Data Software Training Videos
SPSS (Cantonese)
Overview
1. Importing data
2. Descriptive Statistics
3. Outliers
4. Data Transformation
5. T-Tests
6. ANOVA
7. Regression
1. Importing data | 滙入數據
Importing Excel to SPSS
  • Space does not affect calculations
  • Read variable names (field names) from first row of Excel
  • Data View stores raw data
  • Variable View stores characteristics of the variables (data fields)
將 Excel 滙入 SPSS
  • 滙入步驟:File > Import Data > Excel
  • 從 Excel 首行讀取變量名稱 (欄位名稱)
  • Data View 記錄數據
  • Variable View 記錄變量 (欄位) 的特性
Checking and Enhancing Variable Information
  • Label stores variable descriptions for own reference
  • Values stores coding schemes (i.e., what numerical values you used to represent different qualitative answers)

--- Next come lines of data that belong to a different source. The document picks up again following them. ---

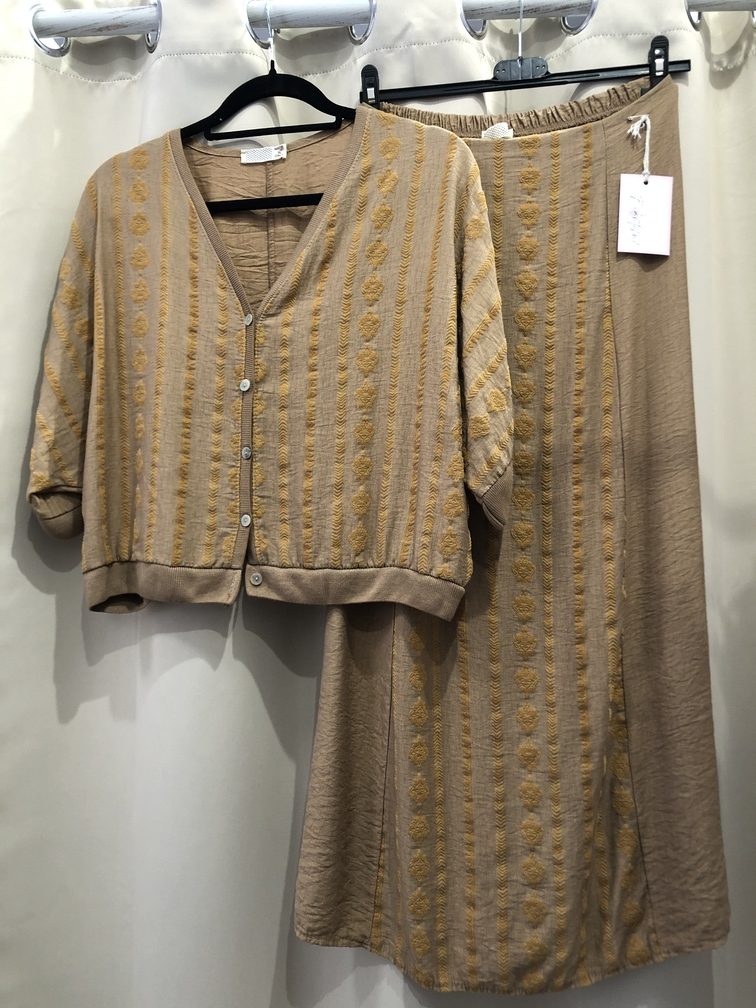 Conjunto camisa y falda estampado de brillo. Talla unica. Precio 30E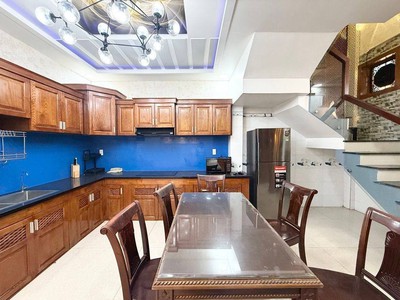 Bán nhà quang trung gv - phân lô liền kề sát mặt tiền quang trung - xe tải tránh xe hơi - full nội 2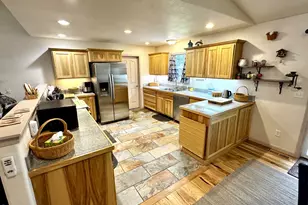 1712 Broadway St, Baker City, OR 97814 - Photo 6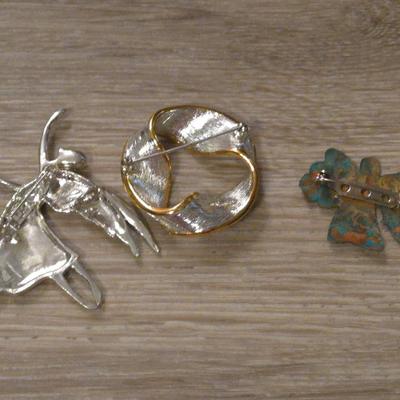 Angel Brooch Lot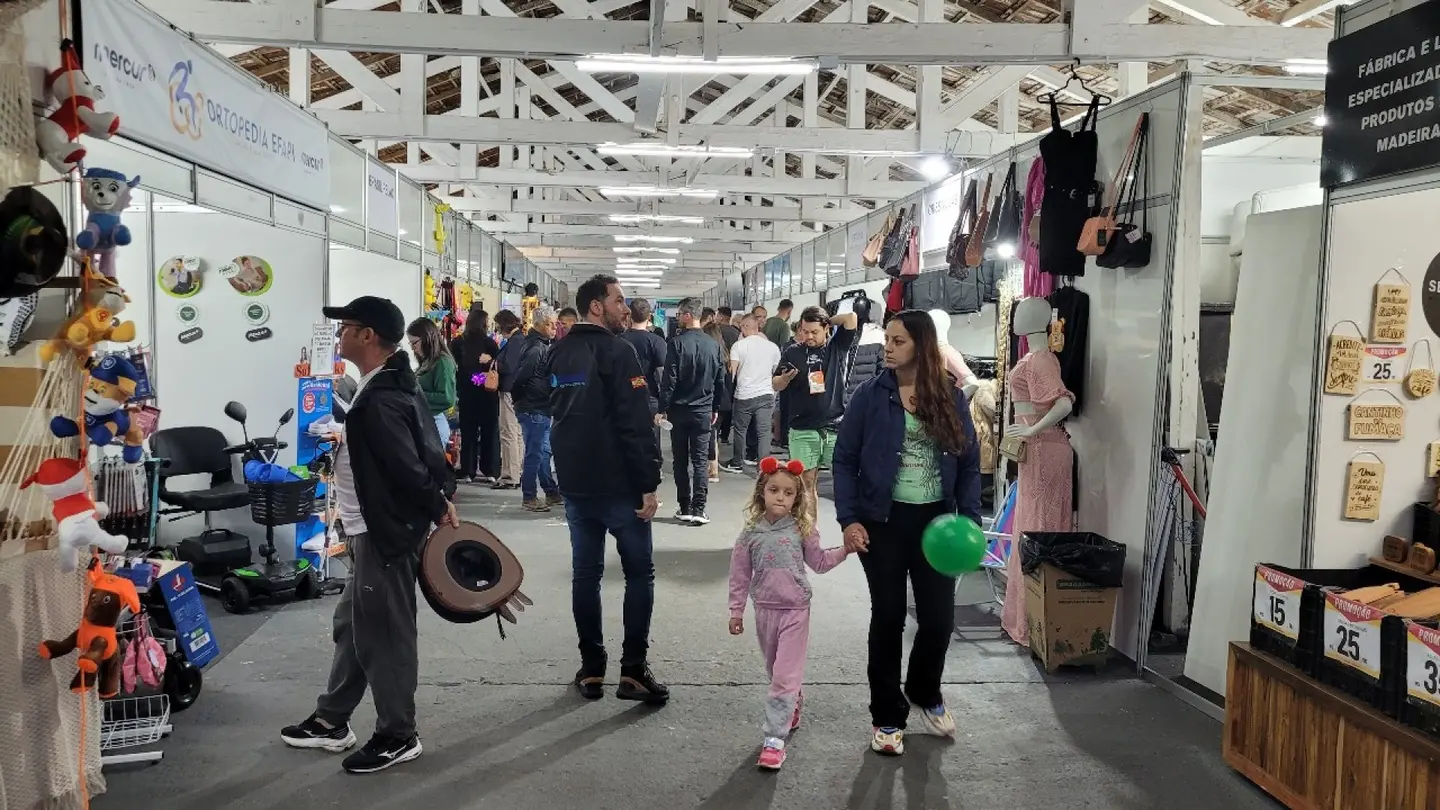 Famílias e visitantes circulando entre estandes da EFAPI do Brasil 2025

  • Missing stores numerical values that you assigned to represent missing or irrelevant survey answers, which will not be included for calculations
  • Measure denotes how you want to measure a variable (i.e., Nominal, Ordinal, Scale)

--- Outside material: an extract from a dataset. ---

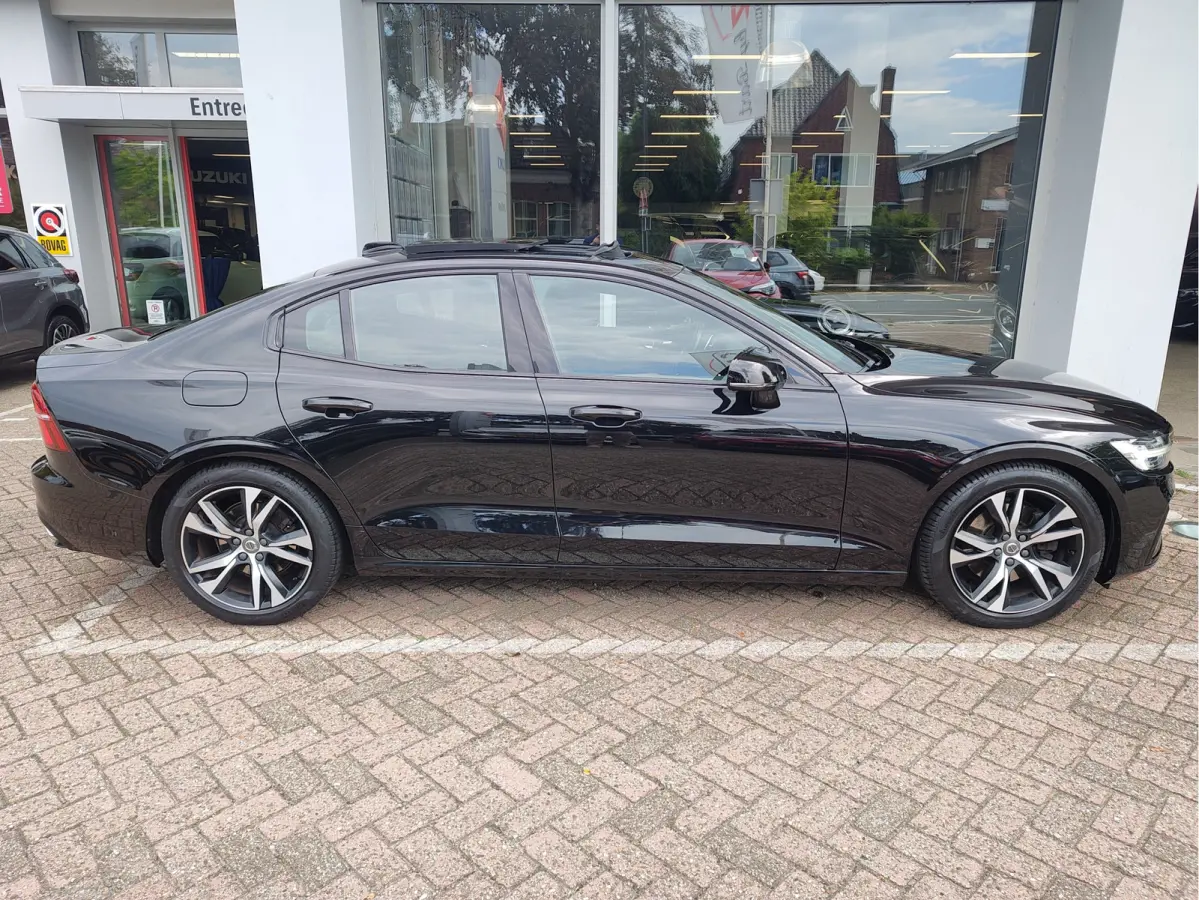 2.0 T4 R-DESIGN AUTOMAAT Lederen sportstoelen | Open dak | Harman Kardon | HUD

  • Nominal data: data sequence is unimportant
  • Scale data: data sequence is important + the difference between data is measurable
  • Ordinal data: data sequence is important + the difference between data is not measurable
檢查及補充變量資料
  • Label 記錄變量的描述,供日後參考
  • Values 記錄編碼系統 (意即,你使用那些數值來代表那類答案)
  • Missing 記錄指定的數值,來代表留空或無關的問卷答案,它們不會被納入計算
  • Measure 記錄你想如何計算每一個變量 (可選 Nominal, Ordinal, 或 Scale)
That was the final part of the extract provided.